Reactive
cellular metabolites can modify macromolecules and form
adducts known as nonenzymatic covalent modifications (NECMs). The
dissection of the mechanisms, regulation, and consequences of NECMs,
such as glycation, has been challenging due to the complex and often
ambiguous nature of the adducts formed. Specific chemical tools are
required to directly track the formation of these modifications on
key targets in order to uncover their underlying physiological importance.
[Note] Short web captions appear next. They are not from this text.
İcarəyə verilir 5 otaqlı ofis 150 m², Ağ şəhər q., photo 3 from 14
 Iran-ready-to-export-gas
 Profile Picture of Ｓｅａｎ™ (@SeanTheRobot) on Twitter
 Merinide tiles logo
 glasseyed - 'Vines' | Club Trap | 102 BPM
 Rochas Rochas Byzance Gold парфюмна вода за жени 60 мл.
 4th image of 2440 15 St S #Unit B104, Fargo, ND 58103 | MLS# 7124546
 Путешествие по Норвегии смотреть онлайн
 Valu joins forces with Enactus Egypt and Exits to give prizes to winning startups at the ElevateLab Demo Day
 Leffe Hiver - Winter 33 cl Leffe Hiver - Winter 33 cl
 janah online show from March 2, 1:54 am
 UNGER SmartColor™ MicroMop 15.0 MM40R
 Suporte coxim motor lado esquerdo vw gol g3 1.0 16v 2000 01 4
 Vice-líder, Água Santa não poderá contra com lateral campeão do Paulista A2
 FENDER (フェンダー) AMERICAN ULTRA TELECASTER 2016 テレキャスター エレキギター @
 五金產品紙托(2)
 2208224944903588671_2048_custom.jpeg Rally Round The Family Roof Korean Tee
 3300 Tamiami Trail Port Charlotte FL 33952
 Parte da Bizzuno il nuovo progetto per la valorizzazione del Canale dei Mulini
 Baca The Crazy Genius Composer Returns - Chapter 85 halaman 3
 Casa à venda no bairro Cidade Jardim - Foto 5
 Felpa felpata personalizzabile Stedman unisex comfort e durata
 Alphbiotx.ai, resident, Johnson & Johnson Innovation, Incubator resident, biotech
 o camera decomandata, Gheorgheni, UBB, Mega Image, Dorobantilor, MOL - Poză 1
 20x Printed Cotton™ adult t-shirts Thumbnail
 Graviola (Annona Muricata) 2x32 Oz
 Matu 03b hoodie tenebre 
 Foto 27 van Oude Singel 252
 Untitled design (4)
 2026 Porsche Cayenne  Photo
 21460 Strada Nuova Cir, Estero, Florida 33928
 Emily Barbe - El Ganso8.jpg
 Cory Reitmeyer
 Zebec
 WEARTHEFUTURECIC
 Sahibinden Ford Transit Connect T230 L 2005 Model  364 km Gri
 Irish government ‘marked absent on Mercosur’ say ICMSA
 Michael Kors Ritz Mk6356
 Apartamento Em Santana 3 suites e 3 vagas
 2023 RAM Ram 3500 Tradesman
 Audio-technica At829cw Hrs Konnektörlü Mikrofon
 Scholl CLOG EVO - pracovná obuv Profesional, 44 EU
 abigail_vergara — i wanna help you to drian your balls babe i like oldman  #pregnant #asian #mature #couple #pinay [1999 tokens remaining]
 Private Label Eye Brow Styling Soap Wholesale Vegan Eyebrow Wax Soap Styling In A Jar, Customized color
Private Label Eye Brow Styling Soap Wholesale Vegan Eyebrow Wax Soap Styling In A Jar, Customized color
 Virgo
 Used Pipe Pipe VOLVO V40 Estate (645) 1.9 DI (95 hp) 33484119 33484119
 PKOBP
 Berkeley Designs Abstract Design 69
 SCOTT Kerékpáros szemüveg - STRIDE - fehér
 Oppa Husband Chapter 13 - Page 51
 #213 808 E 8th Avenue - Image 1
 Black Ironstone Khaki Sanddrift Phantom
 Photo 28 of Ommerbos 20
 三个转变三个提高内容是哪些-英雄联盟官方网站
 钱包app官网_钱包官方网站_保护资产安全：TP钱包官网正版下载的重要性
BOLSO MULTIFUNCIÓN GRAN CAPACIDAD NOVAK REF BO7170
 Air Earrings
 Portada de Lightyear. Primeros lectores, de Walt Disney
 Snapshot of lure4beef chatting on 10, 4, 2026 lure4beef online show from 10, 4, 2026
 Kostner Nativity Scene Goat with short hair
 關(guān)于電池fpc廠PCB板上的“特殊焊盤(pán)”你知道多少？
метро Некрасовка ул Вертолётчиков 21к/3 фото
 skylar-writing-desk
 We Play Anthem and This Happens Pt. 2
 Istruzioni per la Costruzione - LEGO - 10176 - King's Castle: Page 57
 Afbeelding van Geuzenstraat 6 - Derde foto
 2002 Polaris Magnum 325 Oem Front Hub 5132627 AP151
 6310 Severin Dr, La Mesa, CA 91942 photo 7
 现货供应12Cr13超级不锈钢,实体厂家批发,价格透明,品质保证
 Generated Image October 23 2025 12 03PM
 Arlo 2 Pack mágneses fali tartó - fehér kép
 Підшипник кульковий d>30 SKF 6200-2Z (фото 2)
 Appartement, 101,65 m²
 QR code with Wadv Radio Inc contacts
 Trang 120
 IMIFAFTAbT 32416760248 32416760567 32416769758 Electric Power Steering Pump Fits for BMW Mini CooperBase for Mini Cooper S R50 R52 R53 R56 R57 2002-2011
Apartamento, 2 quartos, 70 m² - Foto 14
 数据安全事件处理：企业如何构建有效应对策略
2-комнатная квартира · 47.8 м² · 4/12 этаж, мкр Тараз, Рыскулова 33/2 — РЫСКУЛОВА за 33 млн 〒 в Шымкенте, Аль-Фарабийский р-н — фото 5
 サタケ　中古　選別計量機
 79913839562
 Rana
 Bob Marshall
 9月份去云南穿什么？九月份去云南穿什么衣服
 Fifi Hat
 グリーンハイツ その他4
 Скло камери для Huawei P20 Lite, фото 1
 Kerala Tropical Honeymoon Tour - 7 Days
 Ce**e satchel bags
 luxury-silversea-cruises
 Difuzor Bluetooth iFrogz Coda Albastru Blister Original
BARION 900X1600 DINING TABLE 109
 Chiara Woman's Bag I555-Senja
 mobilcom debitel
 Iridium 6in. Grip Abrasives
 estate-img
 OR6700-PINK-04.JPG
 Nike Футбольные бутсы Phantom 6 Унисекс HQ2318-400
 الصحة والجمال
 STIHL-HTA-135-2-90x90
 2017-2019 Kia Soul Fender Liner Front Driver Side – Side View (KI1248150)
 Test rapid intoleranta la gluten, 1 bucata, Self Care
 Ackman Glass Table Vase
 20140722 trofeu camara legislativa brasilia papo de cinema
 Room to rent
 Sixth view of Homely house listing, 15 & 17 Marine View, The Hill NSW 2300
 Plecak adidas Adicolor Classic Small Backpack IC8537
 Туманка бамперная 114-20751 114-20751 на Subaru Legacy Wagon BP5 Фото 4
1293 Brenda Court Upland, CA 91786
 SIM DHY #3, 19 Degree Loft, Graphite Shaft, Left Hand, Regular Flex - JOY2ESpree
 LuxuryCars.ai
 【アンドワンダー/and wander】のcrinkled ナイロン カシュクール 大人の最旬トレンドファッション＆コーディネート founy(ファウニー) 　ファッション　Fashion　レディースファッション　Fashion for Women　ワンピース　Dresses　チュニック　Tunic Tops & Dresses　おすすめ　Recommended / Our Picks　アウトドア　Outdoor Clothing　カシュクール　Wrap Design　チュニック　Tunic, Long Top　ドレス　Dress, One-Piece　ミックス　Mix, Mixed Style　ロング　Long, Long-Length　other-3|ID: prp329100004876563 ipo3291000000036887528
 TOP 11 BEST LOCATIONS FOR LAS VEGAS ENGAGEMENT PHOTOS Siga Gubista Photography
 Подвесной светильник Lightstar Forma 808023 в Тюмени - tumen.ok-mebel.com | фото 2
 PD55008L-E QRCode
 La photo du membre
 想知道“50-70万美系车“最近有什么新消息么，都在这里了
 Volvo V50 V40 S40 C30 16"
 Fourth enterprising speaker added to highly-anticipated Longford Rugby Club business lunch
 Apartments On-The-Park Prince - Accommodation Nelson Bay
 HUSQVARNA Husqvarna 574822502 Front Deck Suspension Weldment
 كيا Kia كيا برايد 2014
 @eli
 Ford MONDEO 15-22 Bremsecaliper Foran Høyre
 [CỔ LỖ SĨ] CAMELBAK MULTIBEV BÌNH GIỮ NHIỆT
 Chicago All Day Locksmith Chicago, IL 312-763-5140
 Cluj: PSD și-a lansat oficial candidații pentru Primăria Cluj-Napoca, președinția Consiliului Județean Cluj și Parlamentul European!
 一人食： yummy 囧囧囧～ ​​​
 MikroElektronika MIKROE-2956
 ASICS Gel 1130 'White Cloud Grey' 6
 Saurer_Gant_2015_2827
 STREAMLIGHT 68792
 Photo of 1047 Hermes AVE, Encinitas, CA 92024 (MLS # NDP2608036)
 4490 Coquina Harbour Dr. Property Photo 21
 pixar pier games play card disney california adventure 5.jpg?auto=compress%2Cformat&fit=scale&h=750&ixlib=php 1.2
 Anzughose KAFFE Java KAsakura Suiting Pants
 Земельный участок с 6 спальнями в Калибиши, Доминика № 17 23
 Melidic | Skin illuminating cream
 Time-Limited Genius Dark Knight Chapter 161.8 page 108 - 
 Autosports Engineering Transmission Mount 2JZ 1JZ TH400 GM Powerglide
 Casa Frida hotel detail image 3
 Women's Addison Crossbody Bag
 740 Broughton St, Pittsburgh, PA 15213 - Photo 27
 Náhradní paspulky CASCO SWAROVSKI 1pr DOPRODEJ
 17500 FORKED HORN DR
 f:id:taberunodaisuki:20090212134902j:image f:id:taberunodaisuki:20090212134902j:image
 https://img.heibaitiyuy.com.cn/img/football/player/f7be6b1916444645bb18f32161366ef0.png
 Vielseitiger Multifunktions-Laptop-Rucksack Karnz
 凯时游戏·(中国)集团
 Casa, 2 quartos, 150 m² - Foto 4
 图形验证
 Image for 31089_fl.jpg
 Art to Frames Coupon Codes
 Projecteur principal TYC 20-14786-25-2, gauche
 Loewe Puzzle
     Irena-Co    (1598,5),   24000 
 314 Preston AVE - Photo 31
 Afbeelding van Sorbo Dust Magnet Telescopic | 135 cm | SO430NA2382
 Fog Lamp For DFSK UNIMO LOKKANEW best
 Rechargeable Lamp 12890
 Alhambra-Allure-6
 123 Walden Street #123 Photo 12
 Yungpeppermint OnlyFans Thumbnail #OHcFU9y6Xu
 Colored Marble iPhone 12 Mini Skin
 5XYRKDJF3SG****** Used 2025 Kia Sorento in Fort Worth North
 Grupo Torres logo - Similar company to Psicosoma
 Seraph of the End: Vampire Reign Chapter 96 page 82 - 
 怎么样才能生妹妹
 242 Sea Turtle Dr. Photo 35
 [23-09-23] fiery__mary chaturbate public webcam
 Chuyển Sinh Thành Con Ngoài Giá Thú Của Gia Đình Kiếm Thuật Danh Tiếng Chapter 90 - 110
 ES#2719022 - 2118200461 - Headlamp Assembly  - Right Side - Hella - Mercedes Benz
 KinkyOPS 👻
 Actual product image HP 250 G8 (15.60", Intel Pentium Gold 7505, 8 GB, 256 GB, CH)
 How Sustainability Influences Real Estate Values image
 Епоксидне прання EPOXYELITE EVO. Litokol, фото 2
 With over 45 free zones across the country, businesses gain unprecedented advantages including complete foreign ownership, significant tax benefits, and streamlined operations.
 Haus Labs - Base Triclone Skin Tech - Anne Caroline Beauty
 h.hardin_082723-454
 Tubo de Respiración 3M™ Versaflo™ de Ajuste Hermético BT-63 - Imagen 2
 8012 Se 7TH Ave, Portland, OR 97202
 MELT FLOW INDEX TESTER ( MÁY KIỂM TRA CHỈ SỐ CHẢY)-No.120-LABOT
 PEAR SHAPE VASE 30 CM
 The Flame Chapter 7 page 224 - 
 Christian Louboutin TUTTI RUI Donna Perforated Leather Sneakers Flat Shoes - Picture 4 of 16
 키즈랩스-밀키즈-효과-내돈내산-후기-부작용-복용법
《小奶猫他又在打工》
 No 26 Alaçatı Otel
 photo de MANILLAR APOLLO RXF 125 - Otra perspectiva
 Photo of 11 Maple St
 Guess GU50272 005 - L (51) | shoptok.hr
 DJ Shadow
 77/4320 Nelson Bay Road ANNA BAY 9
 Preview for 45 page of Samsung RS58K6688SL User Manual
Here, we present the novel chemoenzymatic synthesis of an active azido-modified
ribose analog, 5-azidoribose (5-AR), as well as the synthesis
of an inactive control derivative, 1-azidoribose (1-AR), and their application toward understanding protein ribose-glycation in vitro and in cellulo. With these new
probes we found that, similar to methylglyoxal (MGO) glycation, ribose
glycation specifically accumulates on histones. In addition to fluorescent
labeling, we demonstrate the utility of the probe in enriching modified
targets, which were identified by label-free quantitative proteomics
and high-resolution MS/MS workflows. Finally, we establish that the
known oncoprotein and hexose deglycase, fructosamine 3-kinase (FN3K),
recognizes and facilitates the removal of 5-AR glycation
adducts in live cells, supporting the dynamic regulation of ribose
glycation as well as validating the probe as a new platform to monitor
FN3K activity. Altogether, we demonstrate this probe’s utilities
to uncover ribose-glycation and deglycation events as well as track
FN3K activity toward establishing its potential as a new cancer vulnerability.